I’ve always been good at writing. The real challenge of my life the last few years has been learning how to do that while other things are happening. In April and May of this year I started to really hit my stride with this, and in May I made some bold plans. June — the month of my 36th birthday—would be the month I started my year of being completely awesome.
Way back before anyone knew who I was, the few people who had heard of me were calling me the most prolific author on the net. I don’t know about “most”, but I was certainly up there, and I meant to get there again. After struggling for years to more narrowly define the focus of my work, I decided to embrace the breadth of it and think of my output as being more like a magazine: you get some humor, you get some commentary, you get some fiction, you get some poetry, you get something of everything.
So I made a checklist of the bare minimum I would produce each month (one work of satire or other humorous piece, one piece of flash fiction or poetry, some amount of commentary, one short story, and a continuation of a longer story). Some of this would be posted for public consumption, some would be reserved for my patrons, but all of it would be rounded up after the end of each month and put out as an actual zine.

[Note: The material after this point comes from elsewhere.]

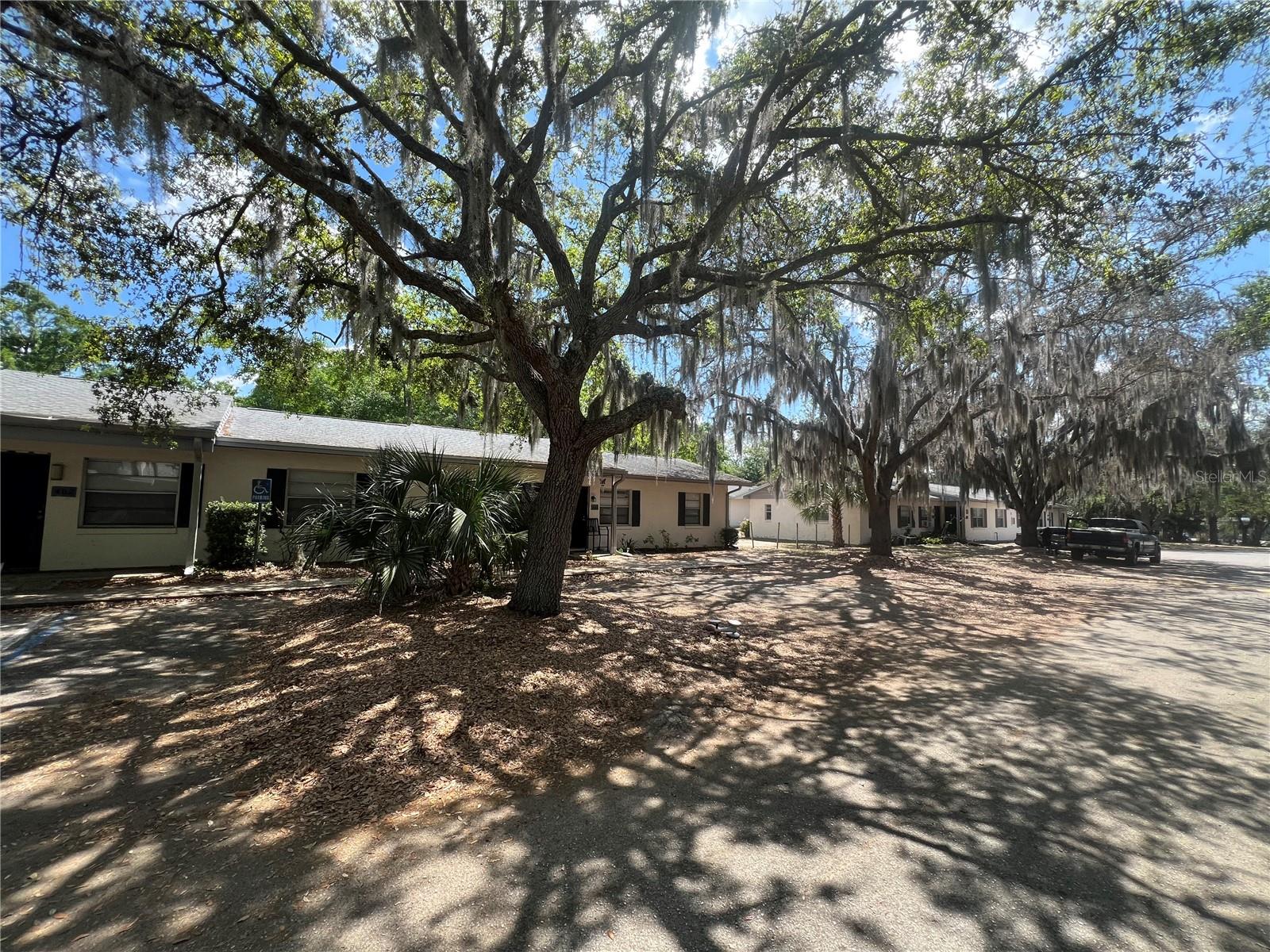 1000 E CAROLINE ST, TAVARES, FL, 32778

I decided I would do this separately from my longest running project (Tales of MU), as that has its own established following and enough backstory (about a thousand chapters of it, and counting) to be daunting for newbies. As of this month, its funding is separate.
I’m writing this at the end of June and despite some personal upheaval and setbacks including illness, my first month has gone better than I could have expected. I’ve met or exceeded every goal I set for myself, in terms of producing work. Getting attention for it has been a bit harder, at least until I had the dubious fortune of encountering the infamous sad boner confessional piece I so recently satirized.
So here I am, with hundreds of new sets of eyes on me, setting aside my insecurity to put myself forward. Are you here because you liked something I wrote? Well, I bet you’d like other things I’ve written, and things I’m going to write in the months ahead. How much do I bet? Well, I’ll bet the time it takes me to write it all, against a a dollar. One thin dollar.
Here’s how it works: you go to my Patreon (http://www.patreon.com/AlexandraErin) and pledge as little as a dollar a month. That pledge does not get processed until the end of the month, so if you do this any time between July 1st and July 31st, you won’t even be charged. But as soon as you’re pledged? You gain immediate access to anything I post to my Patreon stream.
Now, I bet you that by the time the end of the month rolls around, you will agree that the entertainment and insight you have gained from my writing will be well worth your dollar, but if I’m wrong? Heck, you cancel your pledge, and it costs you nothing. I still wrote what I wrote, and you still read what you read, but you’re out nothing. How’s that for a fair shake?
Of course, you might not have a dollar to bet, and you know what? That’s fine, too! I don’t want you feeling like my work isn’t for you just because you can’t pay. A lot of what I put up in June was free for the public to read and so will some of what I write in July, and through successive months. There will be times when my patrons see something early that everybody else gets to read later. The entirety of Tales of MU is available to the public, and I have no mind to change that.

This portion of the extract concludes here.